Manager Ron Washington talked about the "presence" Ryan brings to the organization.
"He brings total presence," Washington said. "He commands respect. He's a solid baseball man. He's been in the trenches, and in a way he's like E.F. Hutton: When he speaks, you listen. Because usually everything that comes out his mouth makes total sense.
"And that's the one thing when you've got a young group that you want to make sure that they understand, respect for everybody, the game, your teammates, the coaches, front office, outside personnel, security guards, ticket takers. That's the one thing that I think Nolan has brought to Texas -- a family atmosphere. Everyone that has anything to do with the Texas Rangers is involved. That's what makes him special."
Ryan also led a turnaround of the Rangers' culture and history of pitching. Rangers fans probably would have taken that above anything else Ryan could have done in his lofty position at the head of the organization.

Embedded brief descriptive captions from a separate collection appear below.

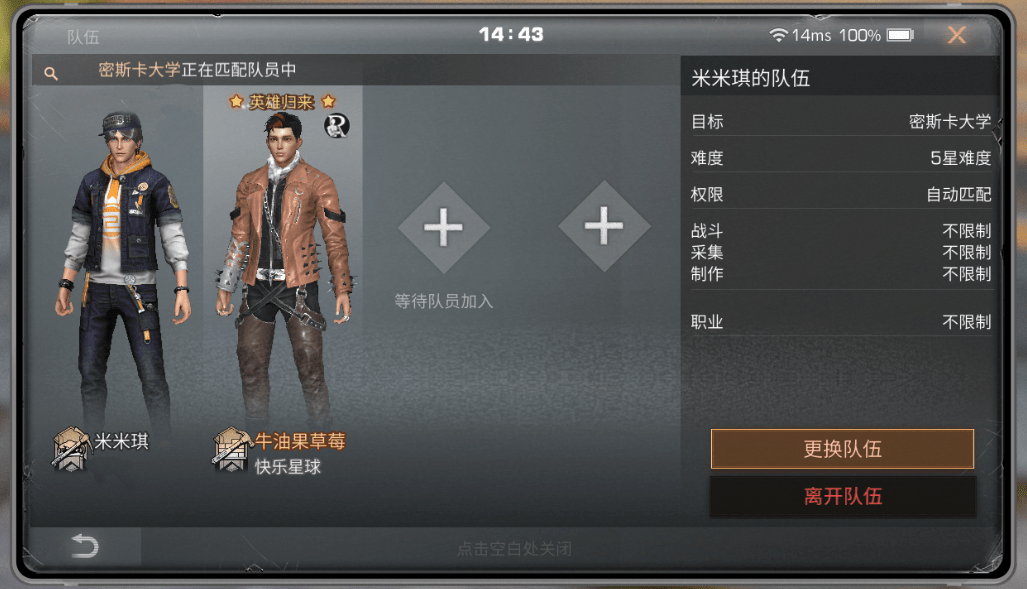 《明日之后》2021回归奖励一览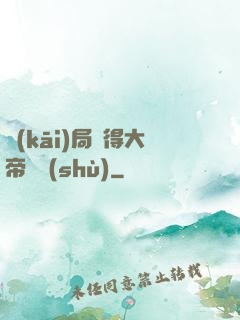 開(kāi)局獲得大帝寶術(shù)
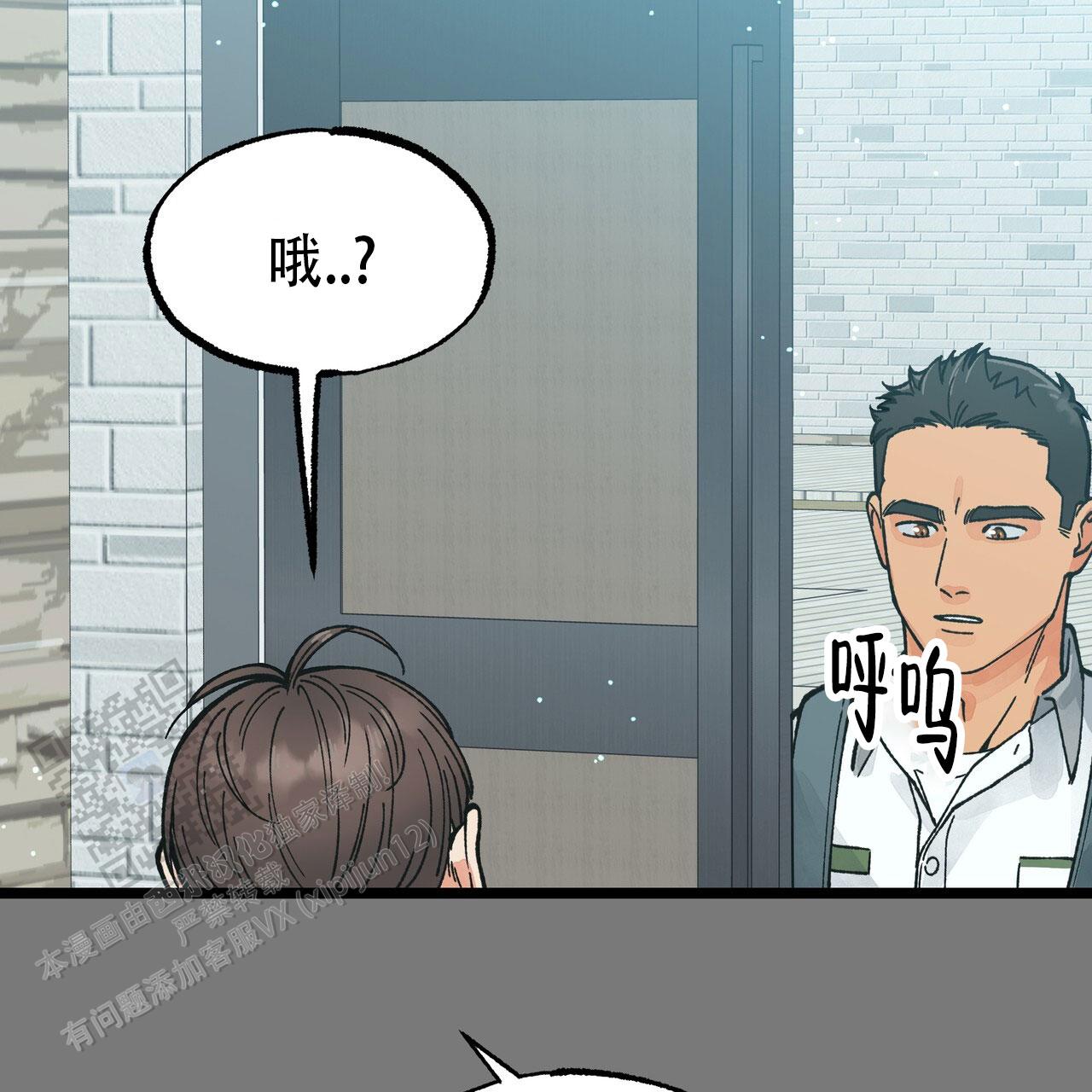 自由坠落第一部漫画,第7话1图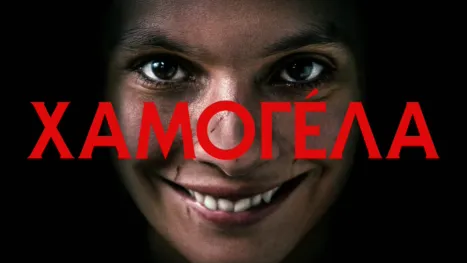 thumbnail - Χαμογéλα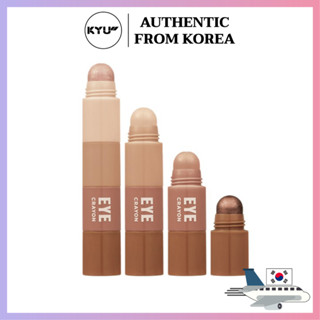 Merythod ดรีลอายเครยอน 4.4 กรัม | Merythod Reel Eye Crayon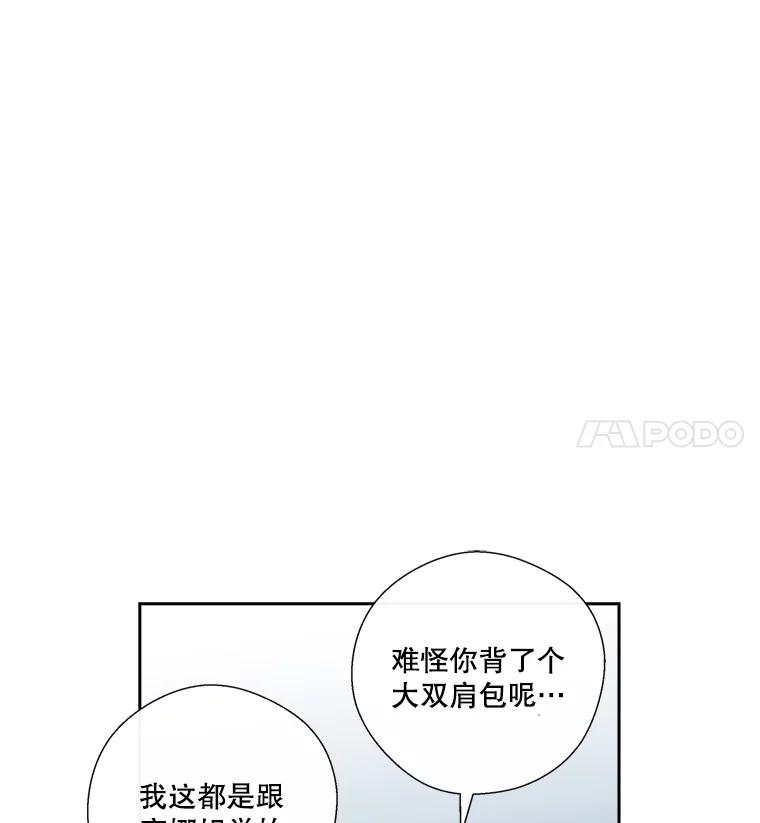 《追逐光的爱恋》7.等待与信任 第50页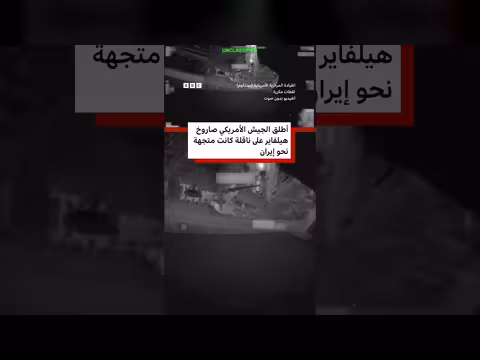 قصف أمريكي على ناقلة نفط بزعم خرقها حصار إيران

Ryan took over before the 2008 season. From 2000-07, Rangers pitchers had a combined ERA of 5.11, the second highest in those eight years of any Major League staff. It wasn't much better in Ryan's first year, and he was determined to do something about it.
"I didn't follow the Rangers the three previous years before I got here because of my involvement with the Astros," Ryan said. "So the first year, my intent was just to be an observer and try to get a feel for our organization and what I felt like that we needed to address. And that's pretty much what I did.
"And I can tell you, there were times it was very frustrating to watch some of our games because we'd be up 12-6 and we'd go home down 13-12, and those games were very painful and long to sit through. It didn't take too long to realize that we needed to address our pitching issues, and I put that number one as a priority."
Three years later -- with Daniels and staff going all-out to acquire pitching, Washington making it a priority at the Major League level and pitching coach Mike Maddux and bullpen coach Andy Hawkins implementing the overall program -- the Rangers finished fourth in the American League in pitching with a team ERA of 3.93. It was the highest the Rangers have finished since they led the league in 1983.
"It would be nice if he could sprinkle some magic dust on me and I could throw 100 miles an hour," pitcher C.J. Wilson said. "Everyone looks up to Nolan Ryan. ... He pitched for like 27 years or something like that, you know, so it's like as far as I know, he probably threw more pitches than any pitcher in the modern era, and so he's got more experience, and he'll talk to you about control, overthrowing, throwing a curveball, throwing all that kind of stuff, changeups.
"Everything he says ... not all of it is going to apply because we're sort of different types of pitchers, but at the same time, you'll take everything he says and try to apply it to yourself. It's actually really awesome to have him around. When you have a front-office guy or a GM or now a team owner that has the experience and knows what it's really like to be on the field, it gives a whole different level of credibility."
Ability. Stability. Presence. Credibility. It makes for a nice dinner on the St. Petersburg waterfront and a nice atmosphere for winning by an organization in the playoffs for the first time in 11 years.